Are binary options gambling?
How to avoid using binary options to gamble
Firstly, there is nothing wrong with using binary options for a flutter, as long as you know that is why you are using them and are not gambling with money you cannot afford to lose. That applies equally if you are using them to trade really! Binary options offer a quick, exciting way to speculate on the markets and are probably more entertaining than some other forms of betting, so why not? Some of the platforms are designed with gambling absolutely at the forefront of the design – flashing lights, pulsing price graphs and competitions. People who use binaries for a bit of fun are well catered for.
If however, you want to avoid using them to gamble, there are a couple of checks you can make, based on your own trading:
- Use genuine underlying assets. Some brokers, particularly at weekends, will provide ‘assets’ based on random number generators. It is not always clear that traders are not actually using ‘real world’ underlying prices though. Some are labelled ‘volatility indices’ but they are not based on any official index, purely a number generated by a computer. No amount of technical analysis or research is going to help you here. These are a good old fashioned gamble. You will never be able to establish positive expected value on a random number – if you do, the broker is effectively giving away money. How likely is that?
- Use a strategy. It is a broad statement, but needs to be – there are many strategies that work for people, and I am not going to question any of them. The point is, if you do not have a strategy for identifying the trades that might be profitable, and a money management plan to ensure risk is managed, then it is unlikely there is a positive value in the trade. The strategy might only apply to a single trade, a particular news event perhaps, but it should fit into a wider risk management plan somehow.

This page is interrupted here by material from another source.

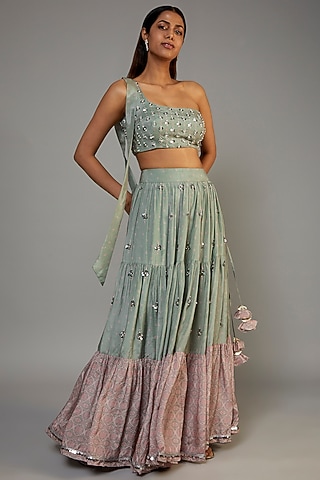 Pastel Green Pure Muslin Embroidered Layered Skirt Set by Yogita Kadam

- Understand positive expectation. Make sure you are aware of whether the trade will be profitable or not over the long term. Any single trade can win or lose, but over the long term, would this trade prove profitable? It boils down to the payout and the number of times this trade would finish in the money out of 100. If you need to win 57% of trades to make money based on the payout you are getting, and expect the trade to win 65% of the time – you have positive expected value – go for it!
So whether binary options are gambling or not depends on the trader. They can be used to gamble, but they can also be used to invest. It all comes down to what is going on between the ears of the person placing the trade.